12. Write clearly and neatly, leave a line or two empty between paragraphs (the 'ticking zone' - markers abhor a vacuum and will fill judiciously positioned blank lines with ticks), especially handy if you remember something later and need to squeeze it in. Don't start a new paragraph one or two lines from the bottom of the page - the paper's free! - turn over and start on the next page. Leaving lots of blank space is v. important with calculations, don't start on a right hand page, leave that blank so that you have two facing pages for workings. Often you get to the end of the workings and the answer is clearly wrong. At least you have space to re-work the answers in the gaps and arrive at something sensible.

Do not use Tippex in an exam. Cross out neatly with a ruled line, move on.

13. Let me restate The Golden Rule - an exam hall is no place for thinking. The only mental effort that should be required is to decide which questions to do, timing and so on. Everything else has to be on auto-pilot. If you can't answer the questions in long hand in auto-pilot mode in the required time in the peace and quiet of your own home, then don't imagine you can do it in panic-mode in an exam hall. I once had a weird experience in an exam, watching myself writing out, very neatly, a text-book answer to a text-book question and realised that I wasn't actually thinking, it was just pouring out, the same as when you play a tune on an instrument and your mind starts to wander ...

14. I personally have no truck with 'checking your own answers at the end'. You sometimes come back to the first question two hours later to check it, and you can't make head or tail of your own answer. If it's wrong it's wrong, by that time you are mentally frazzled and are in no state to check anything. I used to have a macho pride in finishing exams half an hour early and walking out of the hall early to demoralise the opposition, but actually that's daft.

15. If it's multiple choice and you aren't sure, then just guess - that way at least you have a one-in-five chance of getting it right. Leave it blank and you've potentially wasted a mark.

16. Do not take the exam paper out of the hall with you. It's over and done, you'll only waste time torturing yourself about whether you chose the right questions and so on - in exactly the time when you should be revising for the next exam, or getting pissed, assuming it's your last exam of the season.

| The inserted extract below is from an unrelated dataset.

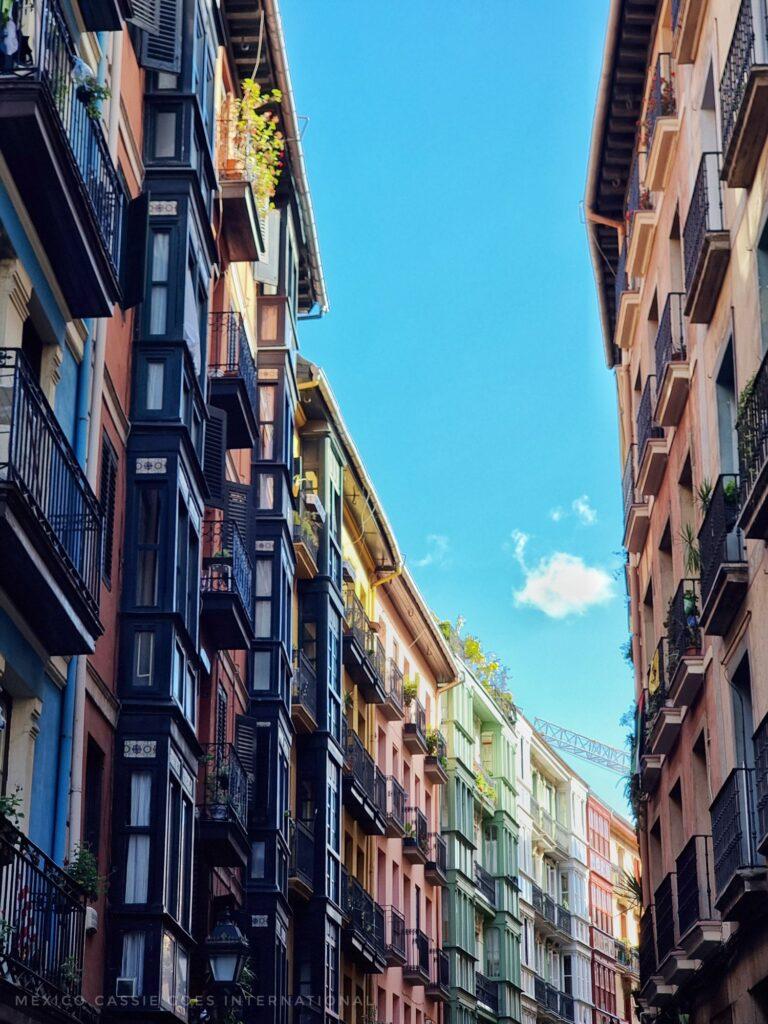 Bilbao's casco antiguo (old city) - photo contains beautiful tall buildings on either side of a curved road, all different colours with wooden window boxes and blue sky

17. Some lecturers may actually think that you care about their topic. If there is a chance that they will be useful to you later on (are they on the exam review board or disciplinary committee? will you be having them for other courses?), then keep them 'warm'. If not, then do no more than give a friendly nod for the next few weeks, followed by a curt nod, and soon they will have forgotten you existed. And you them.

5 comments:

Anonymous said...

None of which matters half as much as "Answer the bloody question".

Anonymous said...

Swot

Simon Fawthrop said...

We had a lecturer who tried so hard to be objective and not be seen to helping us that if we ever asked a question during a tutorial that he knew as in the exam he became a dithering heap.

Of course this was well known and all we did during tutorials was go through the syllabus step by step.

Michael Heaver said...

Wise words. Those tips also reveal how, contary to popular belief, exams gauge how academically motivated somebody is and NOT how intelligent they are.

The Remittance Man said...

And always remember: 50% means a pass, 51% means neglecting your freinds.